[[ Dataset records open ]]

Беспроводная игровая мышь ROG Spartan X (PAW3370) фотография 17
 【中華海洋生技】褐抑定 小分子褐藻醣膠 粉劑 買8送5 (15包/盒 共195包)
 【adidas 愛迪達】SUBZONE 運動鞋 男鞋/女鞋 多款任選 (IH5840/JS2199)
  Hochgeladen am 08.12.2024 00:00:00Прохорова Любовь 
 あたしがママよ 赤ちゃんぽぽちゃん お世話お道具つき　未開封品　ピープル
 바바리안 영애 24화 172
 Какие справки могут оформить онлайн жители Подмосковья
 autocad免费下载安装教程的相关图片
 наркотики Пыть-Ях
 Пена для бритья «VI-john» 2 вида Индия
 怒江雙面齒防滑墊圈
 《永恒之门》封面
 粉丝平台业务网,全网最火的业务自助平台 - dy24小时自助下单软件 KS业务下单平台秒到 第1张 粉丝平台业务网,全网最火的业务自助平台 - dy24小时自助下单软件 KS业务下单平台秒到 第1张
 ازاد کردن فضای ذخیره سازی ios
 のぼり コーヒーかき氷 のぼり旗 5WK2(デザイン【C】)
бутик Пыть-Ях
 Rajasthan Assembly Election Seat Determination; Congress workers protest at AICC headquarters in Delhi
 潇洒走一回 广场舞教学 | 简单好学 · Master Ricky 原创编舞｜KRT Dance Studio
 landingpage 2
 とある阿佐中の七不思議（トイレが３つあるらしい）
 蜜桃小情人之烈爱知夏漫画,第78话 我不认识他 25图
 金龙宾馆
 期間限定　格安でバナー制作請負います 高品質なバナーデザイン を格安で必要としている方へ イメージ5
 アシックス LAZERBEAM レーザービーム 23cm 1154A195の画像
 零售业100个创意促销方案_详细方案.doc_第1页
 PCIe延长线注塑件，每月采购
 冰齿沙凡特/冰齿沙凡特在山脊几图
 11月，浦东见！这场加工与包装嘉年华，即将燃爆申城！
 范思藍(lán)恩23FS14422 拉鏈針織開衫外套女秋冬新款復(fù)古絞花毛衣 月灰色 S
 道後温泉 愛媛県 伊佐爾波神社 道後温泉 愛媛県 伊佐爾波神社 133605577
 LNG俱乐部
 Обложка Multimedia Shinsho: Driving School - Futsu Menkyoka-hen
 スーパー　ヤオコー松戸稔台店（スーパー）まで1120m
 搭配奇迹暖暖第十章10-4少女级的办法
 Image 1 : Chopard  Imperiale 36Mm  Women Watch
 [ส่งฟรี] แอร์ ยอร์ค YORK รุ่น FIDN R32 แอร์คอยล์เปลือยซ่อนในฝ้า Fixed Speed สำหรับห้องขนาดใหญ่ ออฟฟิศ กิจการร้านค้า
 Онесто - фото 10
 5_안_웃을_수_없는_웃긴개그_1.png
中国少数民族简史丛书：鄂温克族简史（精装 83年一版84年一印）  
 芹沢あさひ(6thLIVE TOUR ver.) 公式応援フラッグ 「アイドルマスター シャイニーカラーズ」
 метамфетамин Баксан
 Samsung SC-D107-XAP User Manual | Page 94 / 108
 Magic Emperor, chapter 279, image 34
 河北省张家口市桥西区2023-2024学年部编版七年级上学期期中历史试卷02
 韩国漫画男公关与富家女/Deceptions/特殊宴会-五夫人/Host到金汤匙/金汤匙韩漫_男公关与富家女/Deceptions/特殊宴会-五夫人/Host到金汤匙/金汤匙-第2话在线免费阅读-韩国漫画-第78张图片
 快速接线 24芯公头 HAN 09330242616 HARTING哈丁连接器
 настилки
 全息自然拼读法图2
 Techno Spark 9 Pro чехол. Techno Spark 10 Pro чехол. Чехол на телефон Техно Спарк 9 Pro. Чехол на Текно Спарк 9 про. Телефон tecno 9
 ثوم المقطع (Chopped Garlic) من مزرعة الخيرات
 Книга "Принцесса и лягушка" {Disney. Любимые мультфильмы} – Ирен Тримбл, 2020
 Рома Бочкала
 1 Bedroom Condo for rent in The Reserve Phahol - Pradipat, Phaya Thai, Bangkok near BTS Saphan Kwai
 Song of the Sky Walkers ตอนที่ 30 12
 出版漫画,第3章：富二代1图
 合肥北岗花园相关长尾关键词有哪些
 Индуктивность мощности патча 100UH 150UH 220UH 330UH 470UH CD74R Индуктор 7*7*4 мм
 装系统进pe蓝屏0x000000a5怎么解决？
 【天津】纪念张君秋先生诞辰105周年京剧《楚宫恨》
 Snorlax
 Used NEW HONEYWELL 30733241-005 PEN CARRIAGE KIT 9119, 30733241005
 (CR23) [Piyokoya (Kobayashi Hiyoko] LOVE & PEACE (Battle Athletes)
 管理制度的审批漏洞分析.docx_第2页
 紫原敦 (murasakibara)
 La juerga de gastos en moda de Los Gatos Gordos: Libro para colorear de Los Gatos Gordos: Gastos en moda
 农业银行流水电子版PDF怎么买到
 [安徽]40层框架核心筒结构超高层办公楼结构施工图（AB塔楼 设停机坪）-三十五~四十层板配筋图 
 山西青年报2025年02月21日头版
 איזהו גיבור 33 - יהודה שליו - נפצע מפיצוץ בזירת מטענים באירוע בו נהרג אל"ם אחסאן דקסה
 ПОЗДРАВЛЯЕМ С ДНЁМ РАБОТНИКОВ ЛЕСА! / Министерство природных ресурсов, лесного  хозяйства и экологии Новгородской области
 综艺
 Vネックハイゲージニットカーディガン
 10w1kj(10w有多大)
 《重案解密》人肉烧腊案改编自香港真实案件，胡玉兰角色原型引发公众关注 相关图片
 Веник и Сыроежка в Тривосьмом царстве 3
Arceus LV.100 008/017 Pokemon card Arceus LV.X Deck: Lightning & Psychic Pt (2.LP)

[[ Dataset records closed ]]

* Directions for this task: Each line above must be reproduced exactly as it stands.

* Response to the exercise:
Беспроводная игровая мышь ROG Spartan X (PAW3370) фотография 17
 【中華海洋生技】褐抑定 小分子褐藻醣膠 粉劑 買8送5 (15包/盒 共195包)
 【adidas 愛迪達】SUBZONE 運動鞋 男鞋/女鞋 多款任選 (IH5840/JS2199)
  Hochgeladen am 08.12.2024 00:00:00Прохорова Любовь 
 あたしがママよ 赤ちゃんぽぽちゃん お世話お道具つき　未開封品　ピープル
 바바리안 영애 24화 172
 Какие справки могут оформить онлайн жители Подмосковья
 autocad免费下载安装教程的相关图片
 наркотики Пыть-Ях
 Пена для бритья «VI-john» 2 вида Индия
 怒江雙面齒防滑墊圈
 《永恒之门》封面
 粉丝平台业务网,全网最火的业务自助平台 - dy24小时自助下单软件 KS业务下单平台秒到 第1张 粉丝平台业务网,全网最火的业务自助平台 - dy24小时自助下单软件 KS业务下单平台秒到 第1张
 ازاد کردن فضای ذخیره سازی ios
 のぼり コーヒーかき氷 のぼり旗 5WK2(デザイン【C】)
бутик Пыть-Ях
 Rajasthan Assembly Election Seat Determination; Congress workers protest at AICC headquarters in Delhi
 潇洒走一回 广场舞教学 | 简单好学 · Master Ricky 原创编舞｜KRT Dance Studio
 landingpage 2
 とある阿佐中の七不思議（トイレが３つあるらしい）
 蜜桃小情人之烈爱知夏漫画,第78话 我不认识他 25图
 金龙宾馆
 期間限定　格安でバナー制作請負います 高品質なバナーデザイン を格安で必要としている方へ イメージ5
 アシックス LAZERBEAM レーザービーム 23cm 1154A195の画像
 零售业100个创意促销方案_详细方案.doc_第1页
 PCIe延长线注塑件，每月采购
 冰齿沙凡特/冰齿沙凡特在山脊几图
 11月，浦东见！这场加工与包装嘉年华，即将燃爆申城！
 范思藍(lán)恩23FS14422 拉鏈針織開衫外套女秋冬新款復(fù)古絞花毛衣 月灰色 S
 道後温泉 愛媛県 伊佐爾波神社 道後温泉 愛媛県 伊佐爾波神社 133605577
 LNG俱乐部
 Обложка Multimedia Shinsho: Driving School - Futsu Menkyoka-hen
 スーパー　ヤオコー松戸稔台店（スーパー）まで1120m
 搭配奇迹暖暖第十章10-4少女级的办法
 Image 1 : Chopard  Imperiale 36Mm  Women Watch
 [ส่งฟรี] แอร์ ยอร์ค YORK รุ่น FIDN R32 แอร์คอยล์เปลือยซ่อนในฝ้า Fixed Speed สำหรับห้องขนาดใหญ่ ออฟฟิศ กิจการร้านค้า
 Онесто - фото 10
 5_안_웃을_수_없는_웃긴개그_1.png
中国少数民族简史丛书：鄂温克族简史（精装 83年一版84年一印）  
 芹沢あさひ(6thLIVE TOUR ver.) 公式応援フラッグ 「アイドルマスター シャイニーカラーズ」
 метамфетамин Баксан
 Samsung SC-D107-XAP User Manual | Page 94 / 108
 Magic Emperor, chapter 279, image 34
 河北省张家口市桥西区2023-2024学年部编版七年级上学期期中历史试卷02
 韩国漫画男公关与富家女/Deceptions/特殊宴会-五夫人/Host到金汤匙/金汤匙韩漫_男公关与富家女/Deceptions/特殊宴会-五夫人/Host到金汤匙/金汤匙-第2话在线免费阅读-韩国漫画-第78张图片
 快速接线 24芯公头 HAN 09330242616 HARTING哈丁连接器
 настилки
 全息自然拼读法图2
 Techno Spark 9 Pro чехол. Techno Spark 10 Pro чехол. Чехол на телефон Техно Спарк 9 Pro. Чехол на Текно Спарк 9 про. Телефон tecno 9
 ثوم المقطع (Chopped Garlic) من مزرعة الخيرات
 Книга "Принцесса и лягушка" {Disney. Любимые мультфильмы} – Ирен Тримбл, 2020
 Рома Бочкала
 1 Bedroom Condo for rent in The Reserve Phahol - Pradipat, Phaya Thai, Bangkok near BTS Saphan Kwai
 Song of the Sky Walkers ตอนที่ 30 12
 出版漫画,第3章：富二代1图
 合肥北岗花园相关长尾关键词有哪些
 Индуктивность мощности патча 100UH 150UH 220UH 330UH 470UH CD74R Индуктор 7*7*4 мм
 装系统进pe蓝屏0x000000a5怎么解决？
 【天津】纪念张君秋先生诞辰105周年京剧《楚宫恨》
 Snorlax
 Used NEW HONEYWELL 30733241-005 PEN CARRIAGE KIT 9119, 30733241005
 (CR23) [Piyokoya (Kobayashi Hiyoko] LOVE & PEACE (Battle Athletes)
 管理制度的审批漏洞分析.docx_第2页
 紫原敦 (murasakibara)
 La juerga de gastos en moda de Los Gatos Gordos: Libro para colorear de Los Gatos Gordos: Gastos en moda
 农业银行流水电子版PDF怎么买到
 [安徽]40层框架核心筒结构超高层办公楼结构施工图（AB塔楼 设停机坪）-三十五~四十层板配筋图 
 山西青年报2025年02月21日头版
 איזהו גיבור 33 - יהודה שליו - נפצע מפיצוץ בזירת מטענים באירוע בו נהרג אל"ם אחסאן דקסה
 ПОЗДРАВЛЯЕМ С ДНЁМ РАБОТНИКОВ ЛЕСА! / Министерство природных ресурсов, лесного  хозяйства и экологии Новгородской области
 综艺
 Vネックハイゲージニットカーディガン
 10w1kj(10w有多大)
 《重案解密》人肉烧腊案改编自香港真实案件，胡玉兰角色原型引发公众关注 相关图片
 Веник и Сыроежка в Тривосьмом царстве 3
Arceus LV.100 008/017 Pokemon card Arceus LV.X Deck: Lightning & Psychic Pt (2.LP)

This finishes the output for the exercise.